Mon, Dec 16, 2019 - Page 15 News List

INTERVIEW: KYMCO Capital turning to start-ups in SE Asia

Venture capital fund KYMCO Capital is turning its gaze to thriving start-ups in Southeast Asia, after spending the past decade in China investing in automobile supply chain companies and building its strength. KYMCO Capital managing partner Gary Ting talked about the fund’s investment strategies and his vision in an interview with ‘Taipei Times’ staff reporter Lisa Wang on Dec. 6 in Taipei

KYMCO Capital managing partner Gary Ting poses for a photograph after an interview with the Taipei Times on Dec. 6 in Taipei.

Photo courtesy of KYMCO Capital

Taipei Times: Why did you and your partners want to start KYMCO Capital (金庫資本) a decade ago?

Gary Ting (丁學文): The fund was started 10 years ago to help Taiwanese companies tap into the Chinese market. A large number of Taiwanese firms found it difficult to break into the Chinese market because they did not know how to cater to Chinese tastes.

Kwang Yang Motor Co (光陽工業) set an example. About 24 years after entering the market, Kwang Yang maintained a marginal market position with annual sales of 10,000 KYMCO-brand motorcycles in China back in 2009, while the market was estimated to have annual sales topping 28 million vehicles.

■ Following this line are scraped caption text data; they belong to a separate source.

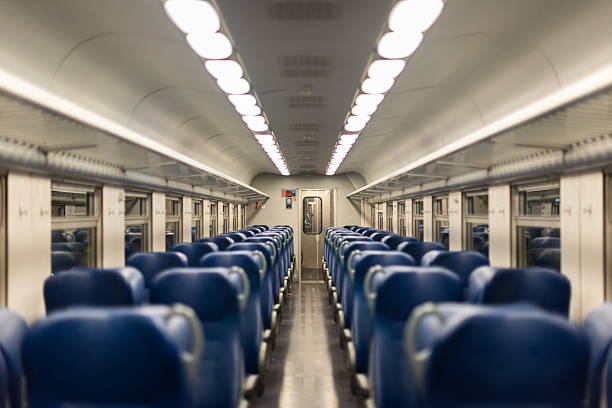 When the nigth comes, even the most trafficky trains get empty.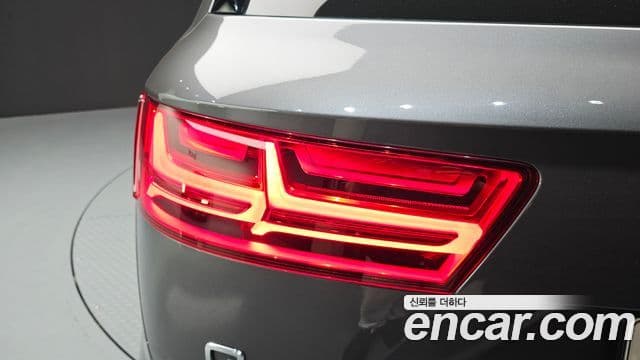 Audi Q7 2019 — Şəkil 6/30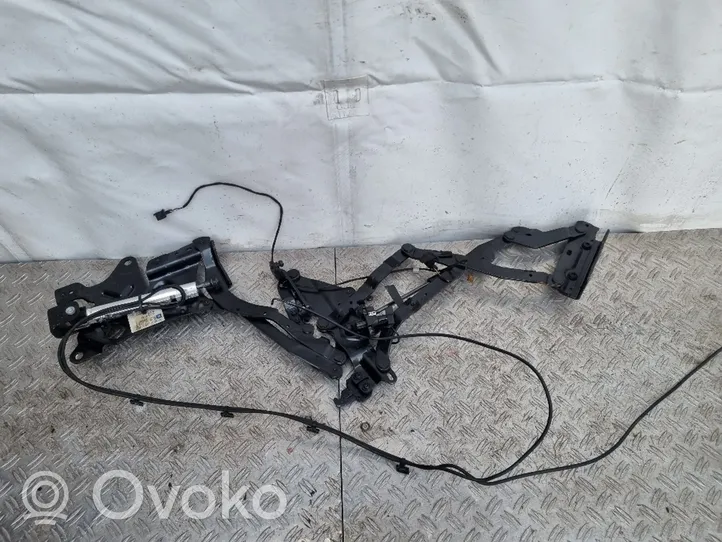 Opel Astra H Zawias klapy tylnej bagażnika 13247433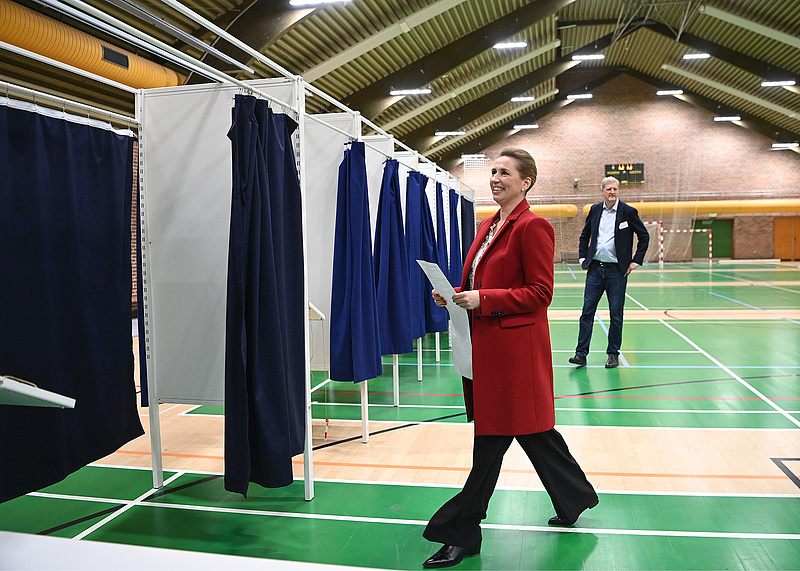 Kiélezett választást tartanak Dániában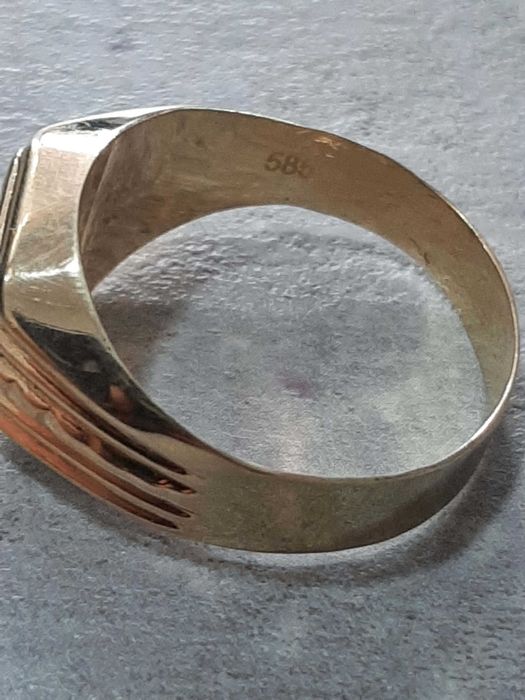 Златен Мъжки Пръстен 585-14к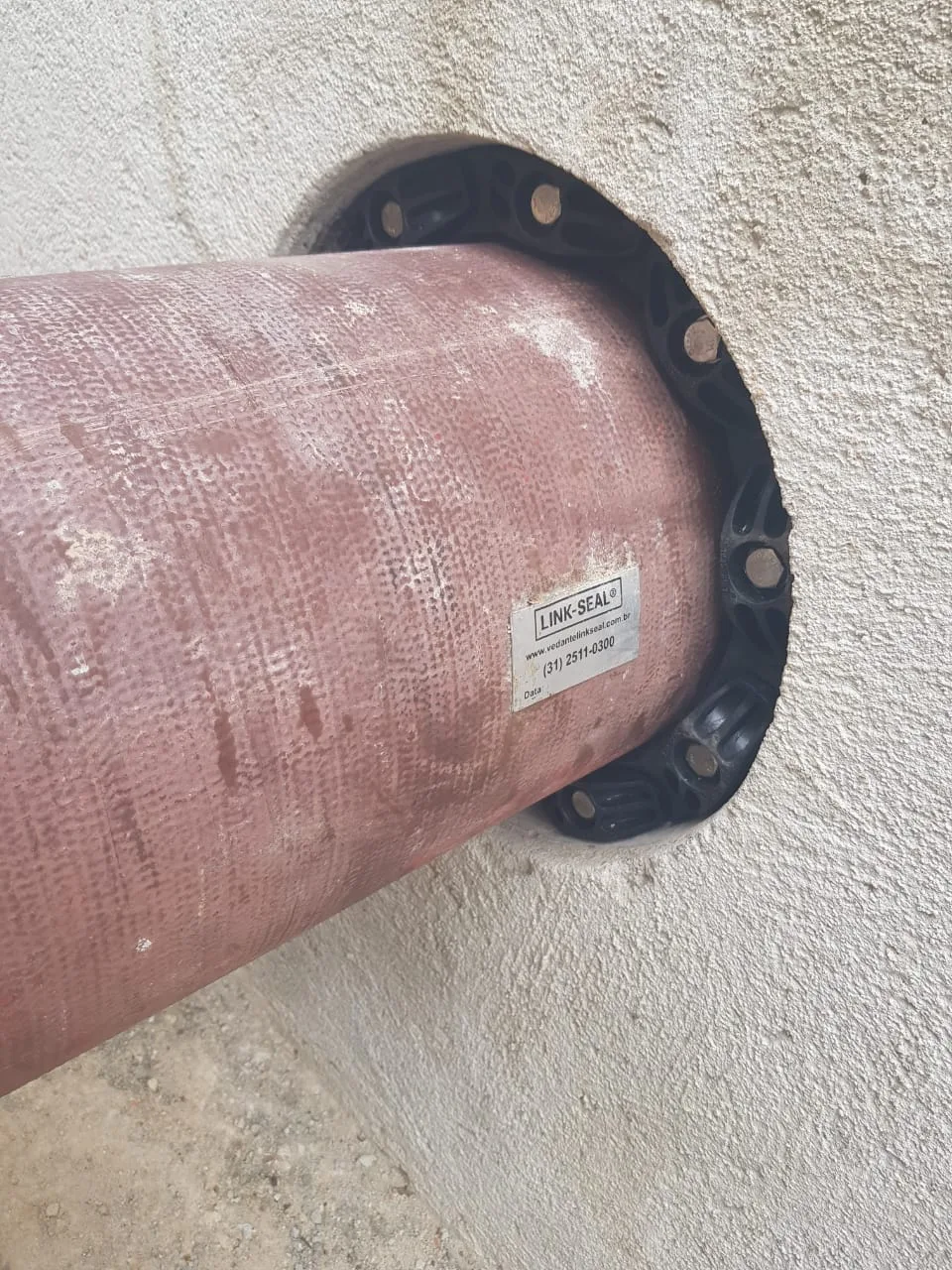 LINK-SEAL® instalado em tubulação de aço com etiqueta de identificação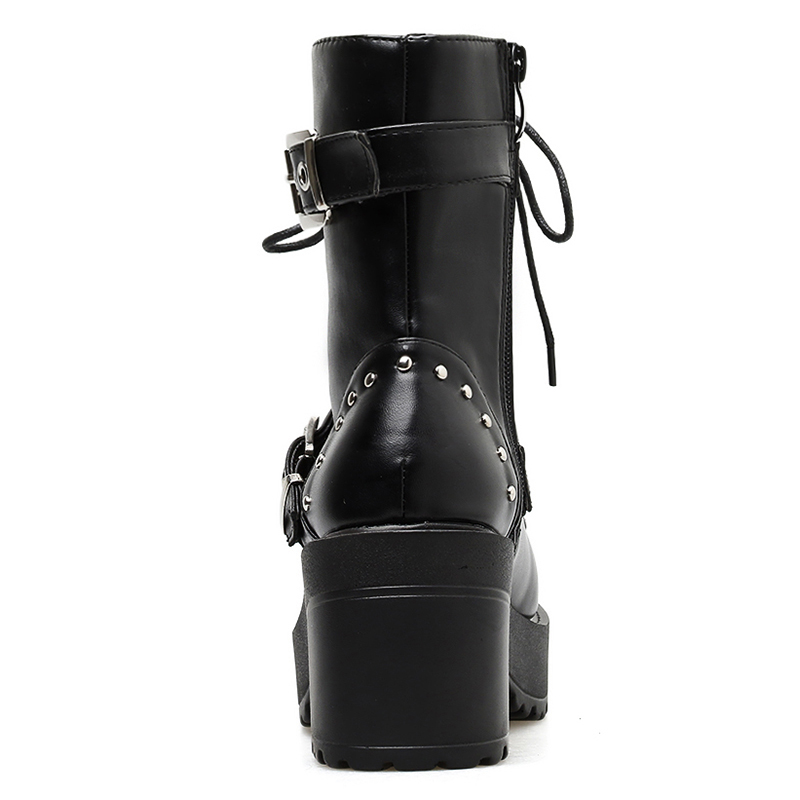 Chaussure gothique femme noire en cuir avec lanières, lacets et semelle plateforme vue arrière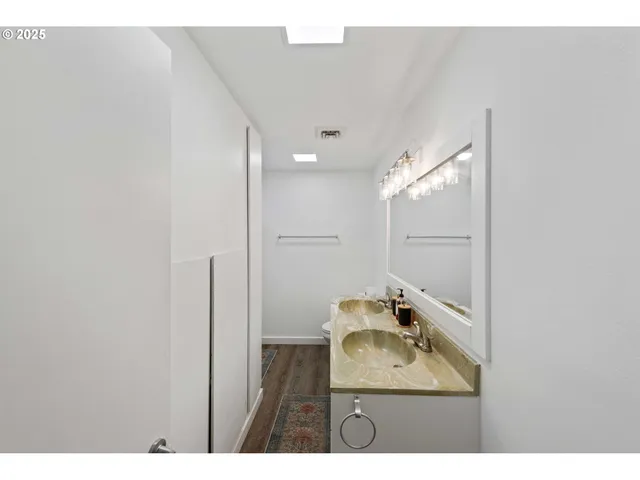 $750,000 | 705 Ohio Avenue Northeast, Bandon, OR 97411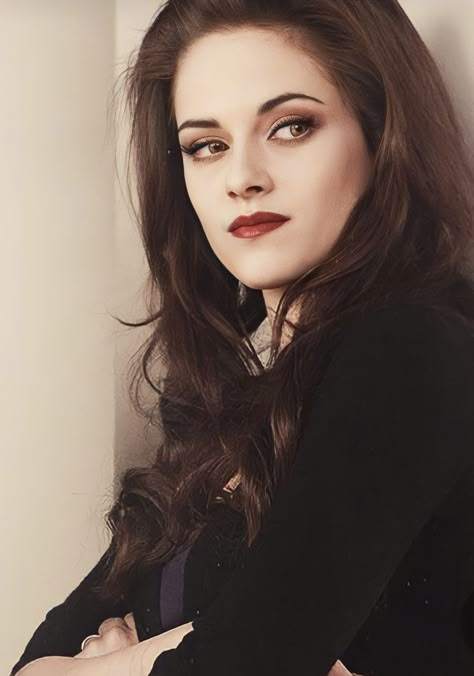 Bella Swan Vampire, Twilight Makeup, Twilight Characters, Vampire Twilight, Eye Makeup Images, Bella Cullen, Vampire Makeup, Makeup Inspired, Feminine Energy Aesthetic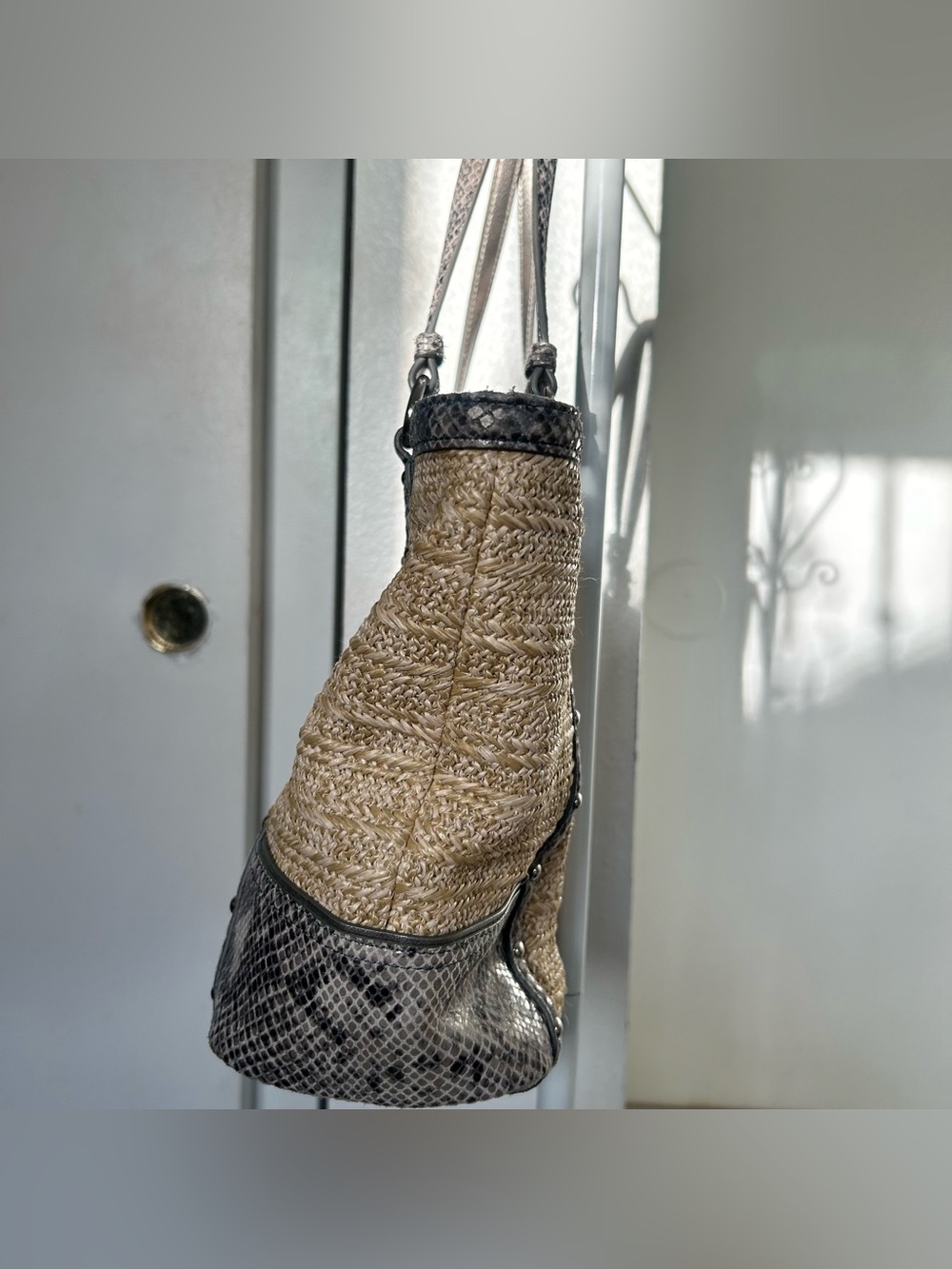COACH EUC Alexandra straw tote with python leather trim - Picture 4 of 10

At that time, Kwang Yang’s 400 component suppliers all faced the same problem of breaking into China’s automobile market, which was a relatively “closed and protected” market compared with the US or Europe. That was when KYMCO Capital came in and decided to serve as a platform, helping those companies to build partnerships and leverage each other’s strengths.

TT: What did you do to help Taiwanese firms overcome that bottleneck?

Ting: We truly believed that it would create the biggest value by integrating Taiwanese firms’ technologies with the wisdom of Chinese companies.

We thought equity investment was an appropriate way to facilitate such integration, so we came to the conclusion that we could provide technology and know-how by acquiring stakes from 6 to 30 percent in any company.

The Shanghai City Government was the first supporter of the fund, and Shanghai was the place where the fund started. Now we also have offices in Taipei, Singapore and New Delhi.

TT: What was the fund’s first investment project?

Ting: In 2012, the fund invested 60 million yuan (US$8.6 million) in Luyuan Electric Vehicle Co (綠源電動車), China’s second-largest electric scooter brand, as we wanted to know how to sell electric scooters in China’s second-tier and third-tier cities.

We also wanted to know how to build an electric scooter with retail prices as low as 2,000 yuan.

A year later, the fund and Luyuan created a joint venture called Luyuan Kwang Yang (綠源光陽) in Hangzhou, Zhejiang Province, which is one of China’s automobile hubs, with initial capital of 10 million yuan. The investment proved a good bargain.

With less than 100 million yuan, we built our distribution channel, established our brand and obtained a share of the local market.

TT: How big is the fund and who are its investors?

Ting: KYMCO Capital now manages seven funds with a combined capital of US$370 million. The fund operates independently from Kwang Yang. The motorcycle maker is an important investor in the fund, and we have been focusing on investing in motorcycle and automobile supply chains since day one.

The number of investors in the fund has grown to 37 from 11 in the initial stages. Most of them are from the automobile industry, including battery maker Simplo Technology Co (新普科技), electronic components maker Cheng Uei Precision Industry Co (正崴精密) and automobile bearings supplier Hengtong Machinery Co (亨通機械). Break and rear mirror makers also invested in the fund.

TT: What are the fund’s next investment targets? Are there any ongoing projects?

Ting: We concentrate on four major markets — Taiwan, China, India and Southeast Asia. We like start-ups because we believe that they are going to impact to human life in the next decade, just like the iPhone has totally changed daily life and retailers’ business models and consumer behavior. Electric vehicles and their supply chains are among our favorites.